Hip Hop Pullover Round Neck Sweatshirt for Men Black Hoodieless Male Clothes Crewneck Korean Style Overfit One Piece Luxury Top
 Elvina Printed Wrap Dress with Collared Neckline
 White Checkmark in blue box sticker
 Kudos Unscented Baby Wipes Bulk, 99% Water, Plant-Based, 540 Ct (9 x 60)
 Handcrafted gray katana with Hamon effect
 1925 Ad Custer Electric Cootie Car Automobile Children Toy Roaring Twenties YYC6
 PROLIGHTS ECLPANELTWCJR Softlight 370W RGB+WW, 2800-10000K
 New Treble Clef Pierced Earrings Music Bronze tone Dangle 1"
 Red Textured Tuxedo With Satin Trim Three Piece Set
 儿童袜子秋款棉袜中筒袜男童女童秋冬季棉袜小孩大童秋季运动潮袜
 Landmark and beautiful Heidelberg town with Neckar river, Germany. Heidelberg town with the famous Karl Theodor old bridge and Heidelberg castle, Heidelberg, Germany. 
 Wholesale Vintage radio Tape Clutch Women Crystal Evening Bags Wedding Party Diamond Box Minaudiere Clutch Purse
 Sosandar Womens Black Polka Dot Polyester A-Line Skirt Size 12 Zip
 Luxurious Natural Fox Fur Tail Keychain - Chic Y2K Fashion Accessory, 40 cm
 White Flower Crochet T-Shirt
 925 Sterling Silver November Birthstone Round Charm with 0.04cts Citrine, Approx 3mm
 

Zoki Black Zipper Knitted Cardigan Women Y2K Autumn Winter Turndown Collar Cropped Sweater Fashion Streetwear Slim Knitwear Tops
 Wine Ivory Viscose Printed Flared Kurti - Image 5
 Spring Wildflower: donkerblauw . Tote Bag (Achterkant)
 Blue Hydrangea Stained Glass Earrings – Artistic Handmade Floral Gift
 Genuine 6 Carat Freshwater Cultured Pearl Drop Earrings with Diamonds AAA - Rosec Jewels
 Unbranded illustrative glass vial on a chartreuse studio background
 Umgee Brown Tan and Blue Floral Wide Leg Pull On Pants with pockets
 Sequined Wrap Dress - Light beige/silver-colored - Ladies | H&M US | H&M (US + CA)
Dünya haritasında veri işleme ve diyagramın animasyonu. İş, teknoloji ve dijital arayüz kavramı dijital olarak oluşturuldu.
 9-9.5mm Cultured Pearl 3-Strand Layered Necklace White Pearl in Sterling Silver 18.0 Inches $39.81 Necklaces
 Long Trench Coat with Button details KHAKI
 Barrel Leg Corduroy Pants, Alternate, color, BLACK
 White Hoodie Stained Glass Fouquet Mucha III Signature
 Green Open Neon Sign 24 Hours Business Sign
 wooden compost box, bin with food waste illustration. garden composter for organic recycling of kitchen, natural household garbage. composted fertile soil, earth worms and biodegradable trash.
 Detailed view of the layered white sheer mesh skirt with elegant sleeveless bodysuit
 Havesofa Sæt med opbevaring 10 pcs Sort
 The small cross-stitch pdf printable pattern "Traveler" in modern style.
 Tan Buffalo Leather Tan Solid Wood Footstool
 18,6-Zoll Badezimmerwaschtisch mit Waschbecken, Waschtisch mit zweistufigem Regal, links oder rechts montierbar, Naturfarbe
==============================
Look through the listing above and copy each line where the string "Earrings" occurs.

 New Treble Clef Pierced Earrings Music Bronze tone Dangle 1"
 Blue Hydrangea Stained Glass Earrings – Artistic Handmade Floral Gift
 Genuine 6 Carat Freshwater Cultured Pearl Drop Earrings with Diamonds AAA - Rosec Jewels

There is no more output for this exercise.